Developmental Robotics for Language Learning, Trust and Theory of Mind
Angelo Cangelosi
University of Manchester - Alan Turing Institute, UK
ABSTRACT
Growing theoretical and experimental research on action and language processing and on number learning and gestures clearly demonstrates the role of embodiment in cognition and language processing. In psychology and neuroscience, this evidence constitutes the basis of embodied cognition, also known as grounded cognition (Pezzulo et al. 2012). In robotics and AI, these studies have important implications for the design of linguistic capabilities in cognitive agents and robots for human-robot collaboration, and have led to the new interdisciplinary approach of Developmental Robotics, as part of the wider Cognitive Robotics field (Cangelosi & Schlesinger 2015; Cangelosi & Asada 2022).
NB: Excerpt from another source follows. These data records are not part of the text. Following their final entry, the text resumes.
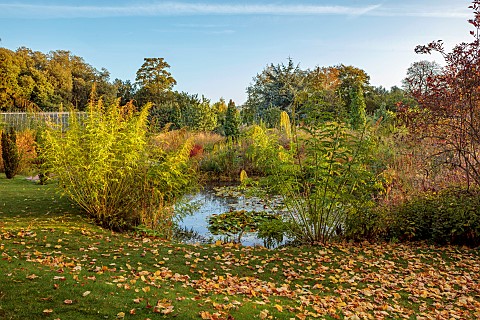 EAST_COURT_GARDENS_GLOUCESTERSHIRE_LAWN_POOL_POND_WATER_LAKE_GREEN_FOLIAGE_FLOWERS_OF_DATISCA_CANNAB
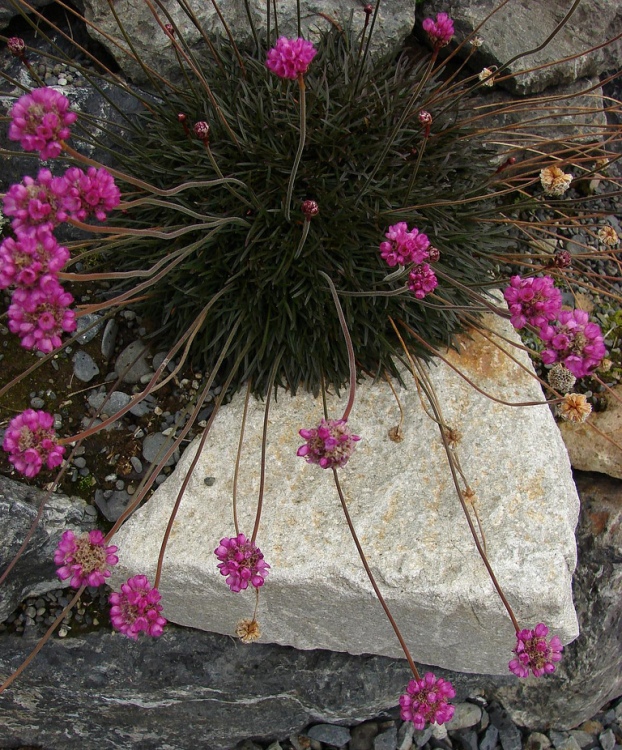 ARMERIA MARITIMA VESUV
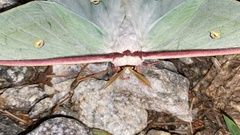 Actias gnoma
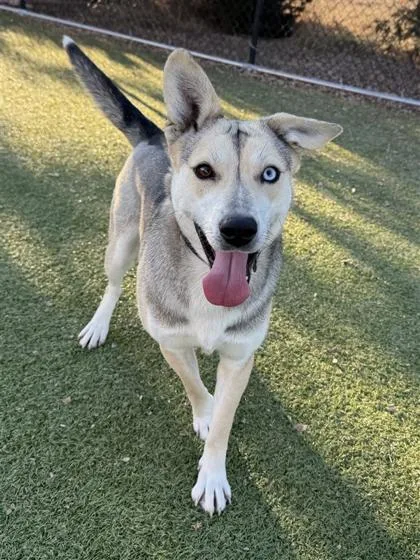 Rockin Robbin thumbnail 3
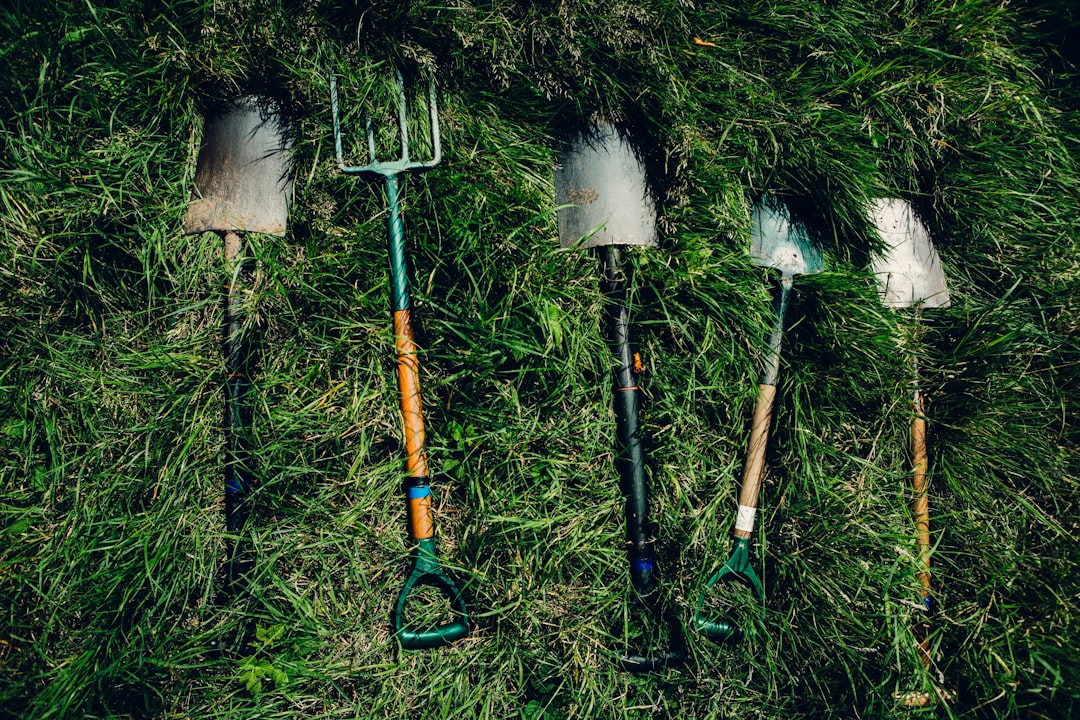 Learn Gardening Online: Practical Skills for Every Beginner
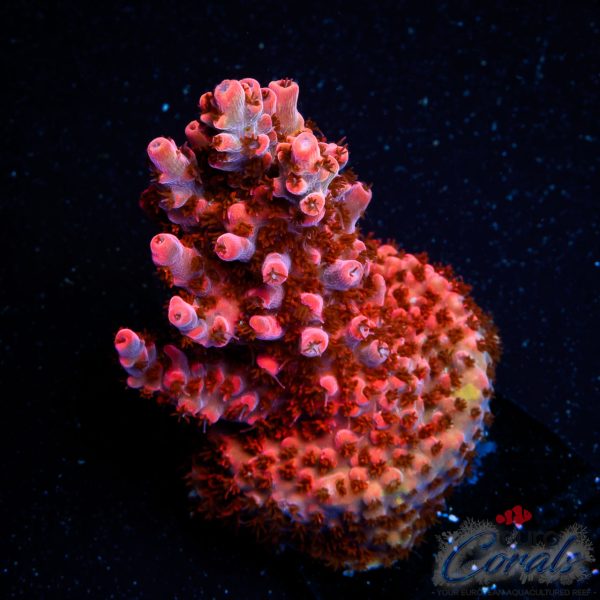EC Ruby Crown Acro NEW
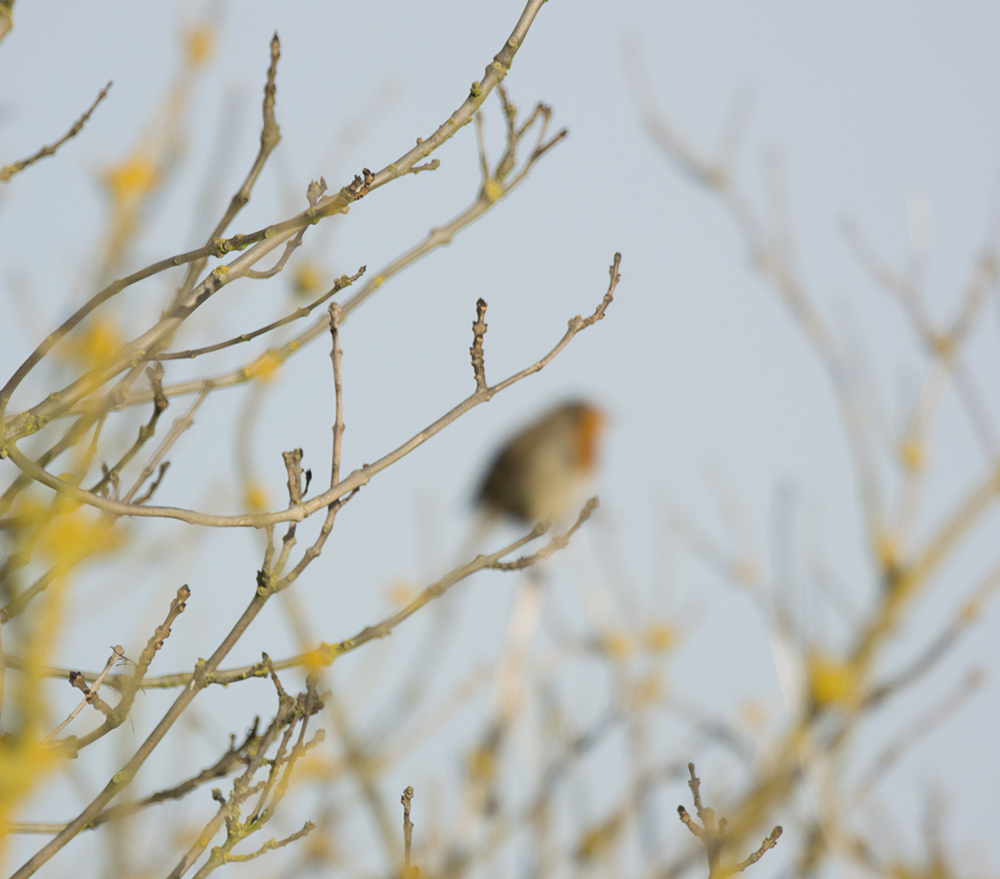 DSC_3920.jpg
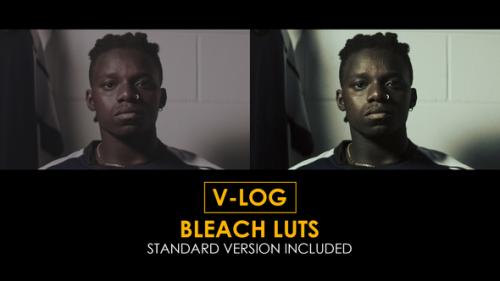V-Log Bleach and Standard Color LUTs - 51443757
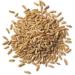 Organic Kamut Grain 1kg (BWFO) - Buy Online on SooperMarket.com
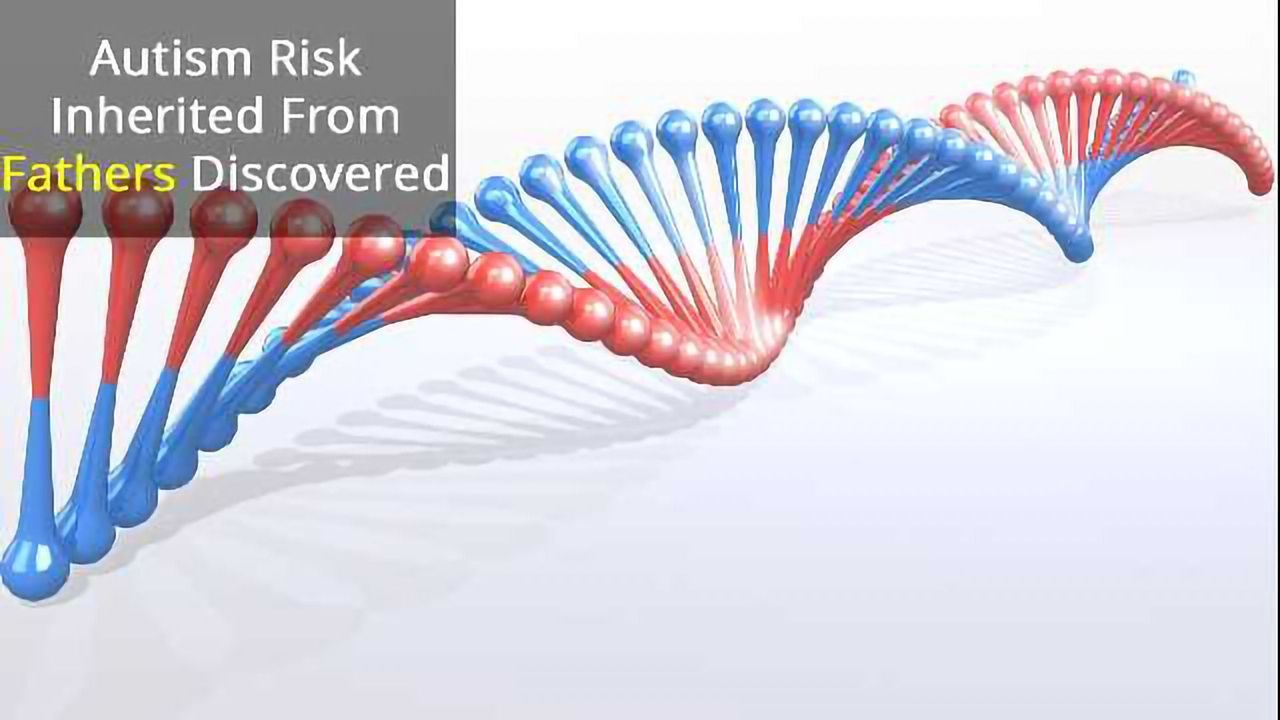 Non-Coding DNA Variants Increase Autism Risk
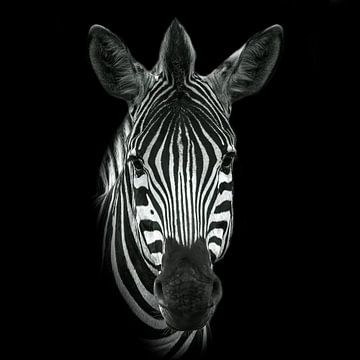 Zebra in Schwarz und Weiß von Petra Lakerveld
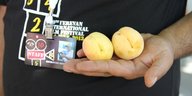 ein Mitarbeiter des Filmfestivalteams in Jerewan hält zwei Aprikosen in der Hand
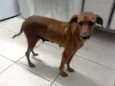 Nina (provisório)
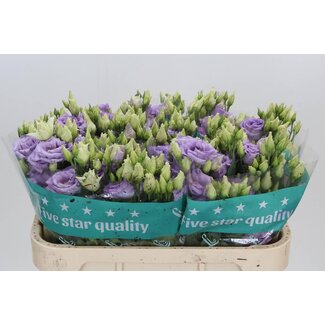 Freshy Eustoma Gevuld Corelli Lavender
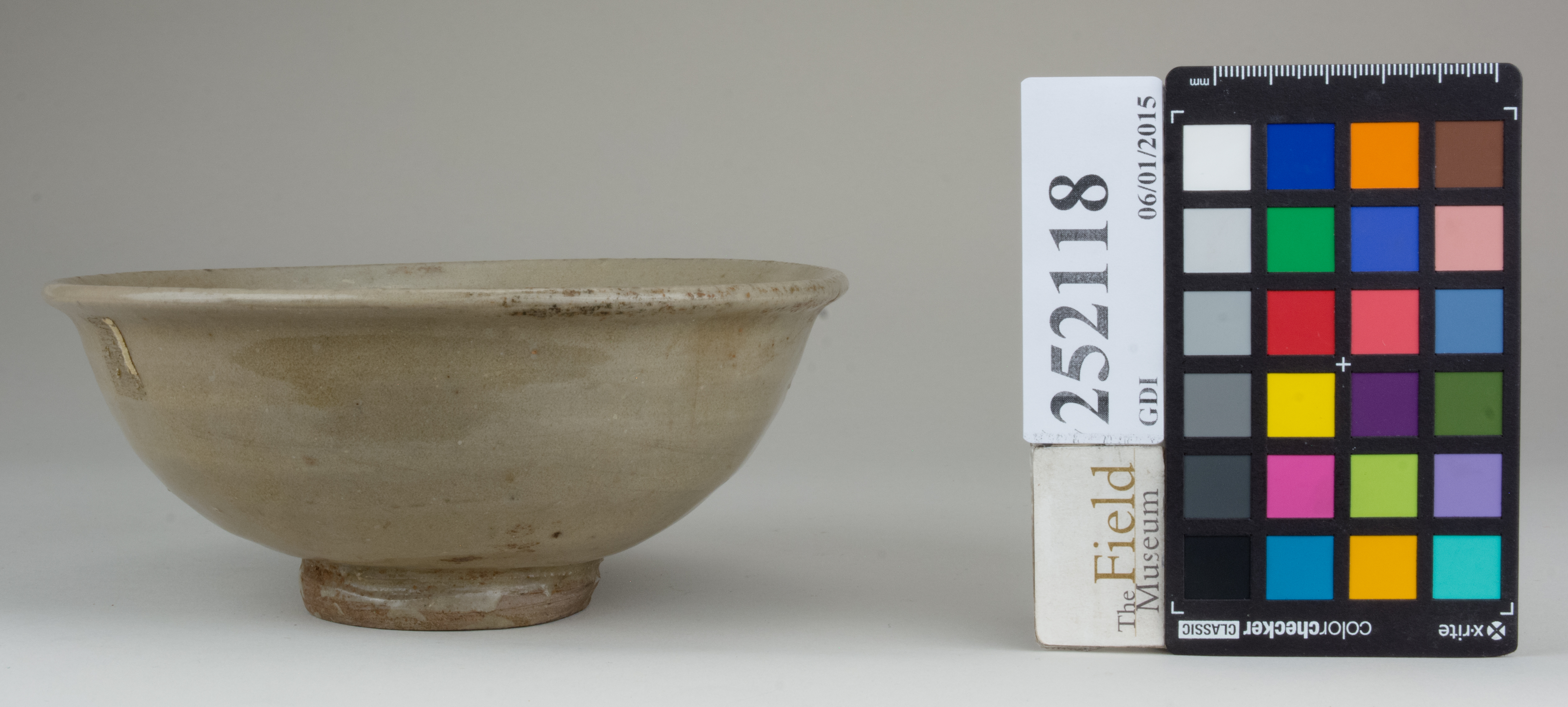 reference image, back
During the talk we will present examples of developmental robotics models and experimental results from iCub experiments on the embodiment biases in early word acquisition and grammar learning (Morse et al. 2015; Morse & Cangelosi 2017) and experiments on pointing gestures and finger counting for number learning (De La Cruz et al. 2014). We will then present a novel developmental robotics model, and experiments, on Theory of Mind and its use for autonomous trust behavior in robots (Vinanzi et al. 2019, 2021). The implications for the use of such embodied approaches for embodied cognition in AI and cognitive sciences, and for robot companion applications will also be discussed.
SPEAKER BIOGRAPHY
Angelo Cangelosi is Professor of Machine Learning and Robotics at the University of Manchester (UK) and co-director and founder of the Manchester Centre for Robotics and AI. He was selected for the award of the European Research Council (ERC) Advanced grant (funded by UKRI). His research interests are in cognitive and developmental robotics, neural networks, language grounding, human robot-interaction and trust, and robot companions for health and social care. Overall, he has secured over £38m of research grants as coordinator/PI, including the ERC Advanced eTALK, the UKRI TAS Trust Node and CRADLE Prosperity, the US AFRL project THRIVE++, and numerous Horizon and MSCAs grants. Cangelosi has produced more than 300 scientific publications. He is Editor-in-Chief of the journals Interaction Studies and IET Cognitive Computation and Systems, and in 2015 was Editor-in-Chief of IEEE Transactions on Autonomous Development. He has chaired numerous international conferences, including ICANN2022 Bristol, and ICDL2021 Beijing. His book “Developmental Robotics: From Babies to Robots” (MIT Press) was published in January 2015, and translated in Chinese and Japanese. His latest book “Cognitive Robotics” (MIT Press), coedited with Minoru Asada, was recently published in 2022.